## Assignment
What is needed here is an exact printout of the data, with no pictures included.

## Data under study

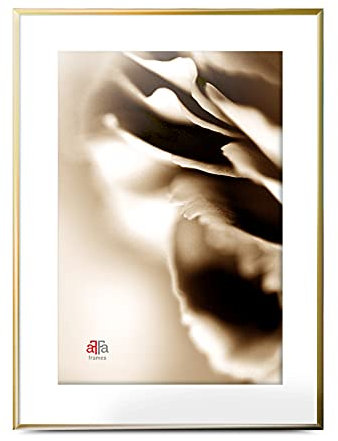 aFFa frames, Alu, Cadre Photo Aluminium, Facile à Nettoyer, Rectangle, Avec Façade en Verre Acrylique, Or Brillant, 70x100 cm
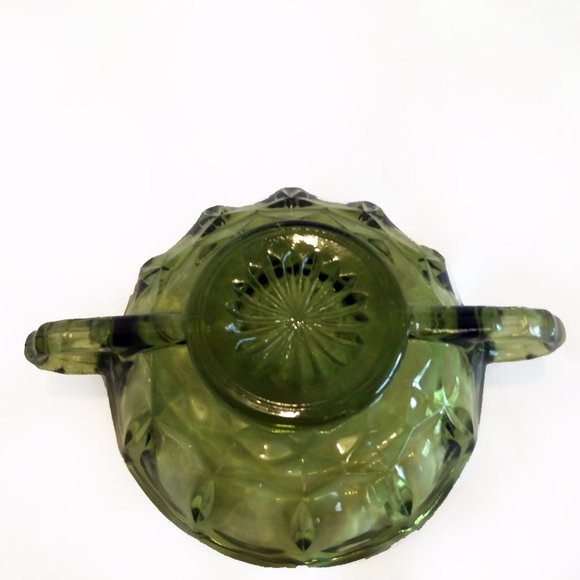 Vintage Anchor Hocking-Avocado Green-Double Handled Candy/Relish Dish - Picture 7 of 8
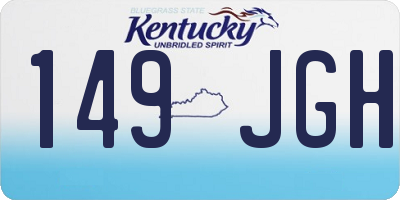 KY license plate 149JGH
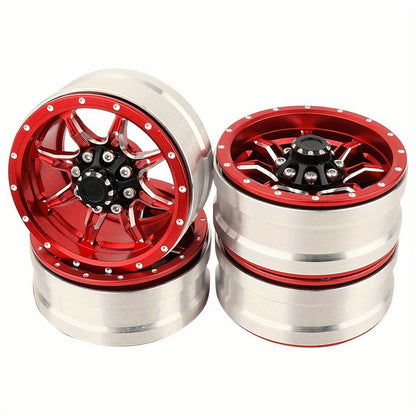 1.9" Beadlock Wheel Rims for RC Crawler 4pcs – Aluminum Alloy Metal Hub Upgrade Set for Axial SCX10 SCX10 III CC01 D90 TRX4 TRX6 1/10 Scale Rock Crawler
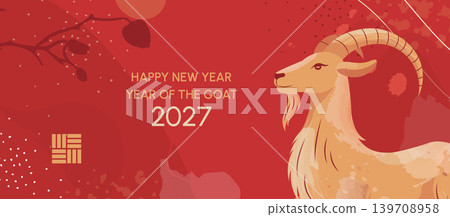 New Year 2027 Chinese Goat Banner Design with Golden Zodiac Animal, Red Lunar Background, Floral Branch and Asian Ornament. New Year 2027 Chinese Goat Banner Design with Golden Zodiac Animal, Red Lunar Background, Floral Branch and Asian Ornament. 139708958
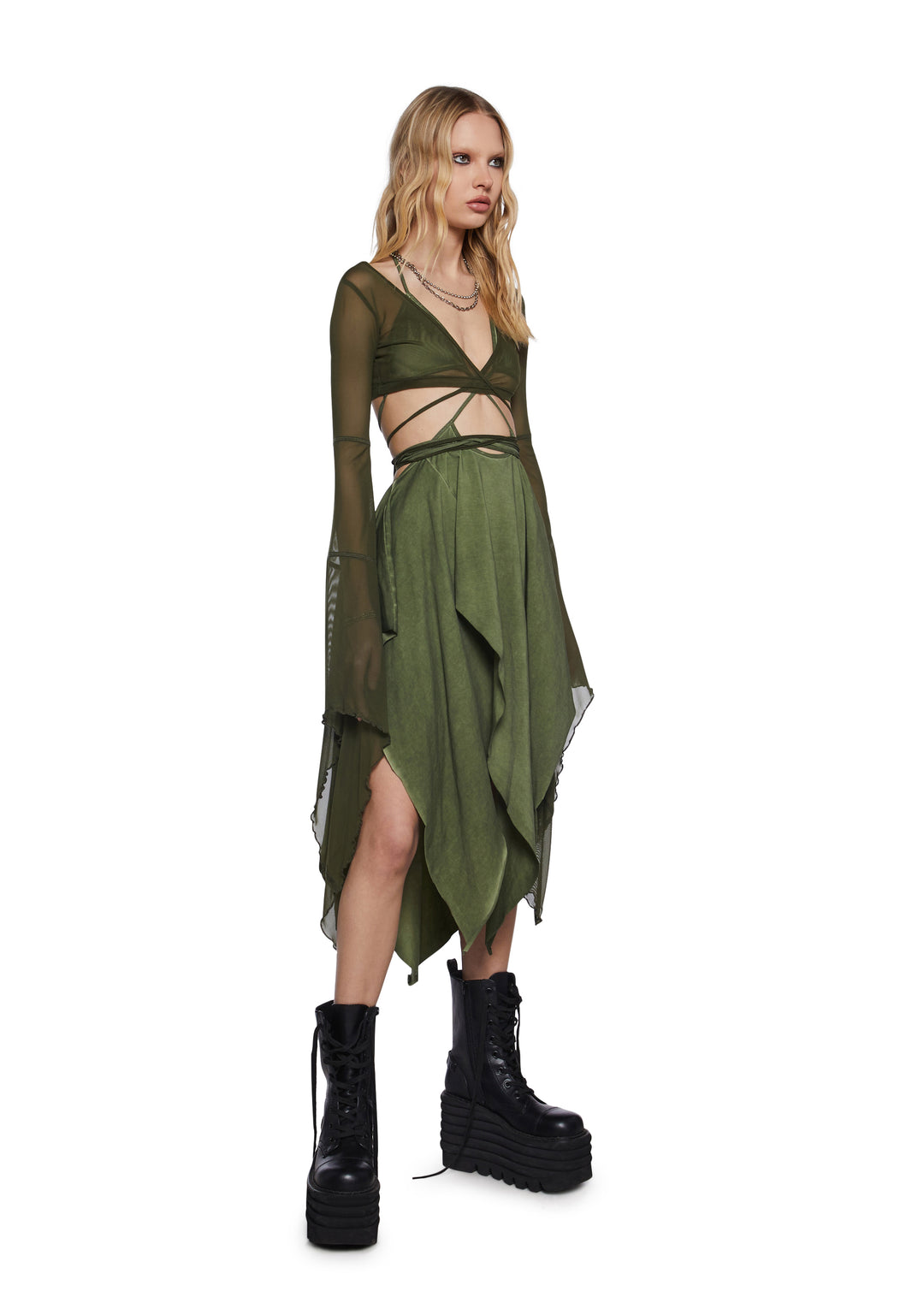 Womens Asymmetrical Mesh Wrap Midi Dress Darker Wavs - Green - Image 5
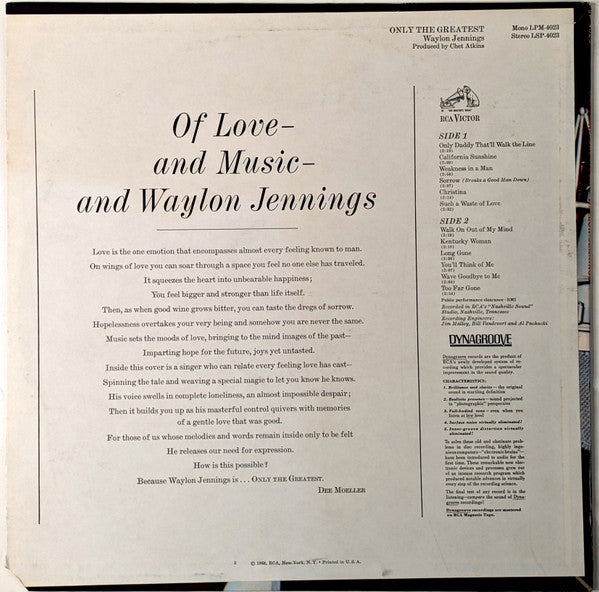 Waylon Jennings : Only The Greatest (LP, Album, RE, Roc)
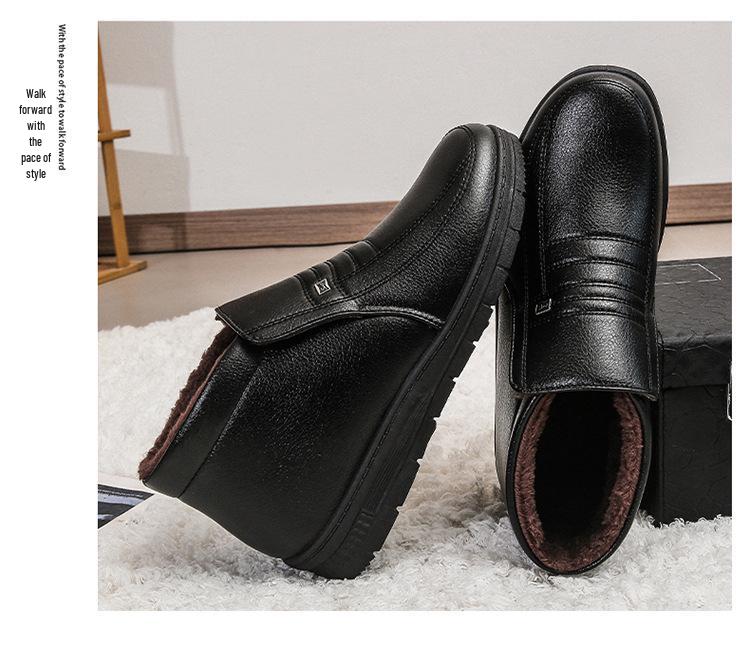 Men's Winter Non-Slip Slip-On Cotton Shoes for Middle-Aged & Elderly with Velvet Lining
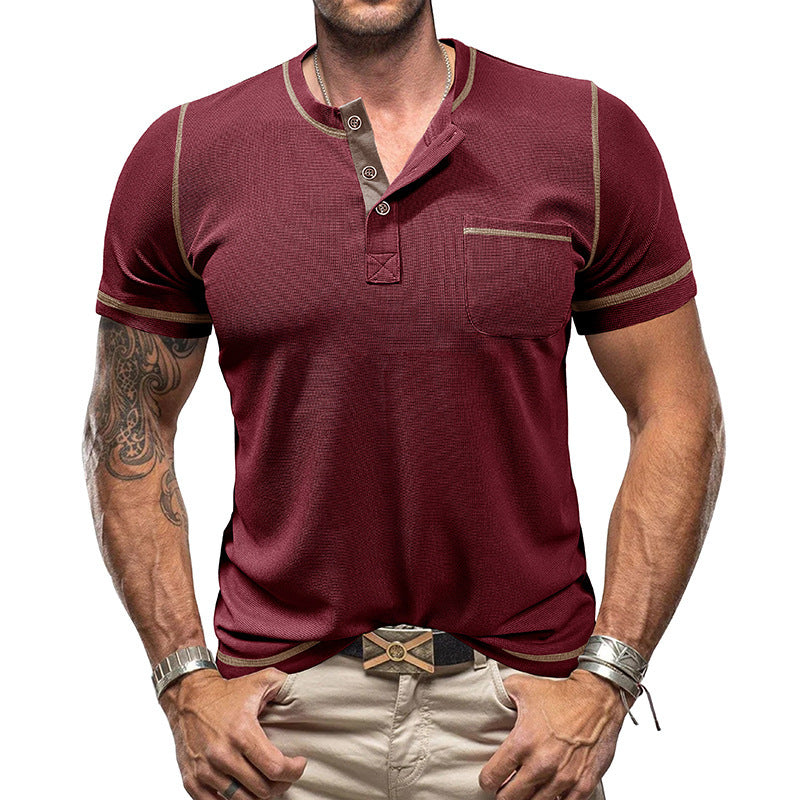 Herren Kurzarmshirt mit modischem Henley-Kragen Echoarchiv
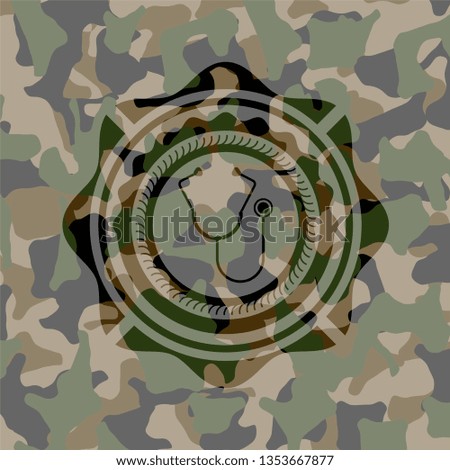 stethoscope icon on camo texture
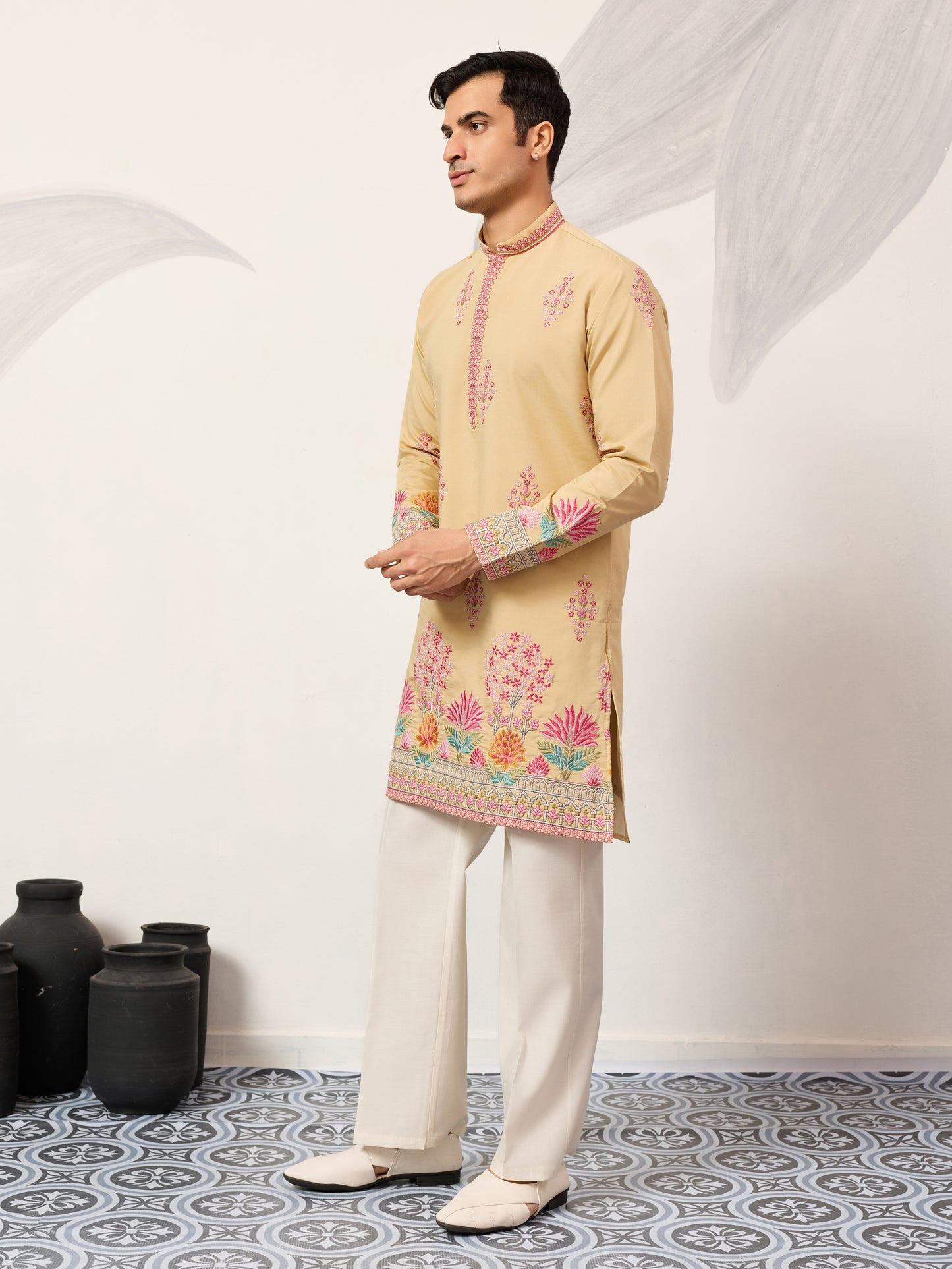 Royal Mustard Yellow Floral Embroidered Kurta for Men – Premium Festive Designer Wear
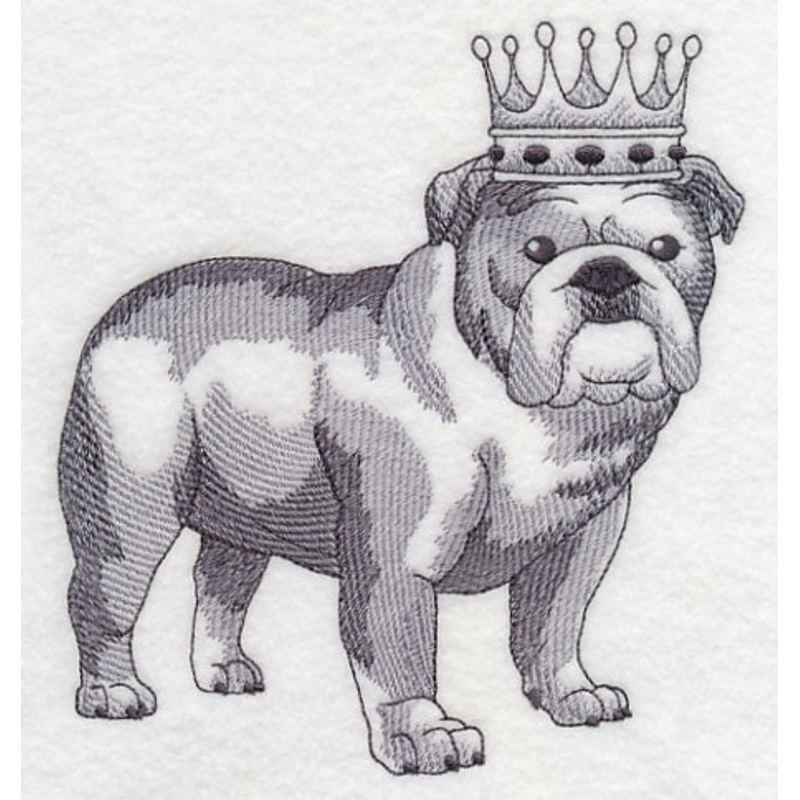 English Bulldog in Crown|6.36″ x 5.85″ / 161.57mm x 148.53mm|5.27″ x 4.85″ / 133.95mm x 123.14mm|3.85″ x 3.54″ / 97.86mm x 89.88mm|All Sizes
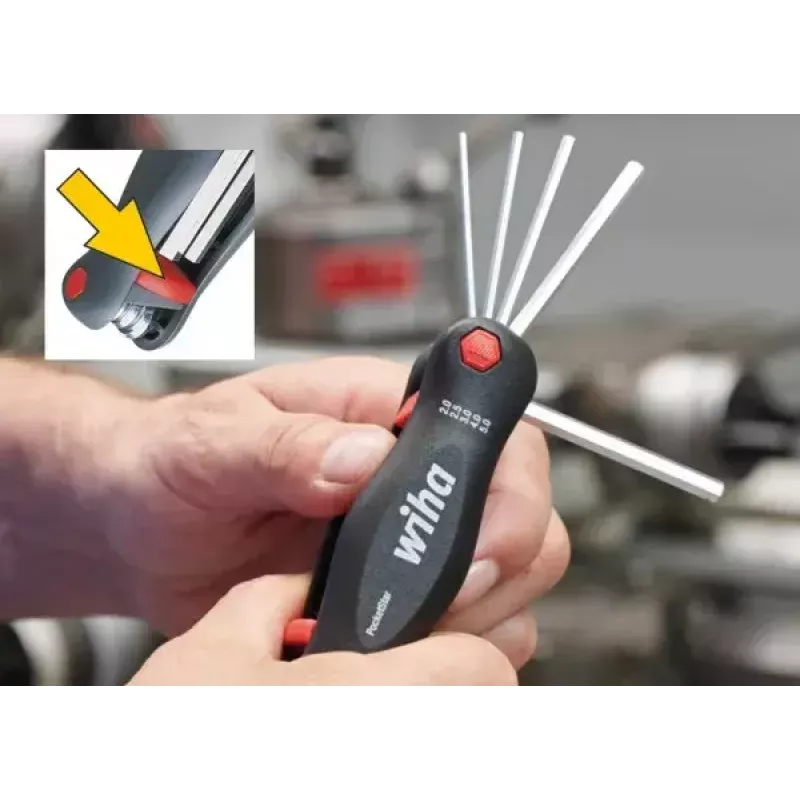 Klappbarer Torx-Schlüsselsatz Wiha 25128 – 7 Stück (T7–T25), schwarz/grün, 104 g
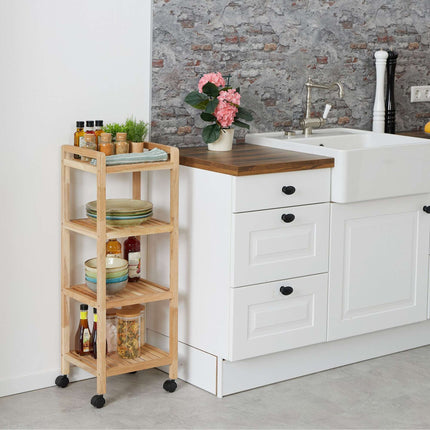 Étagère de salle de bain en bois avec roulettes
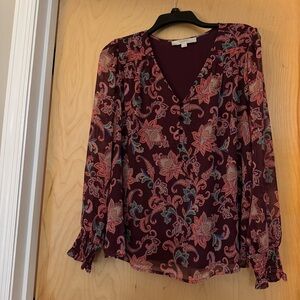 Floral V-Neck Blouse - Burgundy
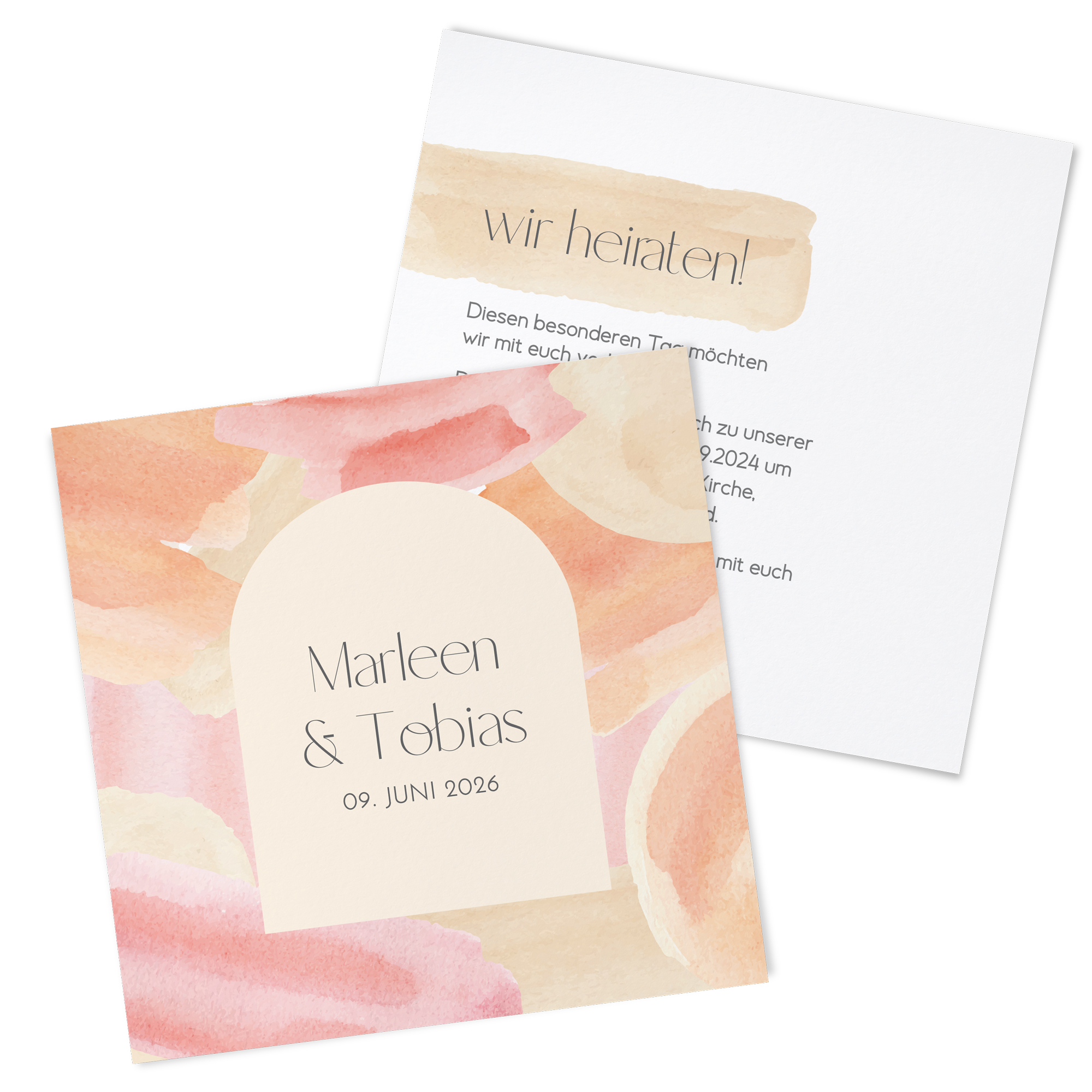 Postkarte Quadrat - Aquarell "sunset stroke"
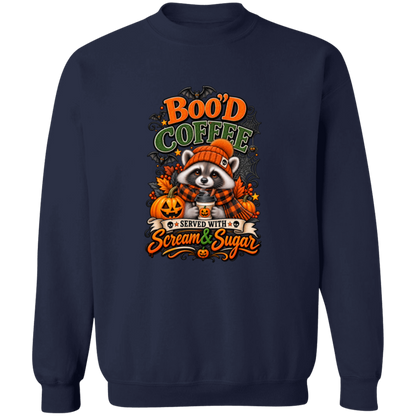 Navy Sweatshirt featuring a Halloween raccoon wearing an orange knit hat and black-and-orange plaid scarf while holding a steaming pumpkin coffee, surrounded by pumpkins, autumn leaves, bats, spiderwebs, and berries, with bold text reading “Boo'd Coffee” and “Served With Scream & Sugar” on a transparent background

## Answer
 aFFa frames, Alu, Cadre Photo Aluminium, Facile à Nettoyer, Rectangle, Avec Façade en Verre Acrylique, Or Brillant, 70x100 cm
 Vintage Anchor Hocking-Avocado Green-Double Handled Candy/Relish Dish - Picture 7 of 8
 KY license plate 149JGH
 1.9" Beadlock Wheel Rims for RC Crawler 4pcs – Aluminum Alloy Metal Hub Upgrade Set for Axial SCX10 SCX10 III CC01 D90 TRX4 TRX6 1/10 Scale Rock Crawler
 New Year 2027 Chinese Goat Banner Design with Golden Zodiac Animal, Red Lunar Background, Floral Branch and Asian Ornament. New Year 2027 Chinese Goat Banner Design with Golden Zodiac Animal, Red Lunar Background, Floral Branch and Asian Ornament. 139708958
 Womens Asymmetrical Mesh Wrap Midi Dress Darker Wavs - Green - Image 5
 Waylon Jennings : Only The Greatest (LP, Album, RE, Roc)
 Men's Winter Non-Slip Slip-On Cotton Shoes for Middle-Aged & Elderly with Velvet Lining
 Herren Kurzarmshirt mit modischem Henley-Kragen Echoarchiv
 stethoscope icon on camo texture
 Royal Mustard Yellow Floral Embroidered Kurta for Men – Premium Festive Designer Wear
 English Bulldog in Crown|6.36″ x 5.85″ / 161.57mm x 148.53mm|5.27″ x 4.85″ / 133.95mm x 123.14mm|3.85″ x 3.54″ / 97.86mm x 89.88mm|All Sizes
 Klappbarer Torx-Schlüsselsatz Wiha 25128 – 7 Stück (T7–T25), schwarz/grün, 104 g
 Étagère de salle de bain en bois avec roulettes
 Floral V-Neck Blouse - Burgundy
 Postkarte Quadrat - Aquarell "sunset stroke"
 Navy Sweatshirt featuring a Halloween raccoon wearing an orange knit hat and black-and-orange plaid scarf while holding a steaming pumpkin coffee, surrounded by pumpkins, autumn leaves, bats, spiderwebs, and berries, with bold text reading “Boo'd Coffee” and “Served With Scream & Sugar” on a transparent background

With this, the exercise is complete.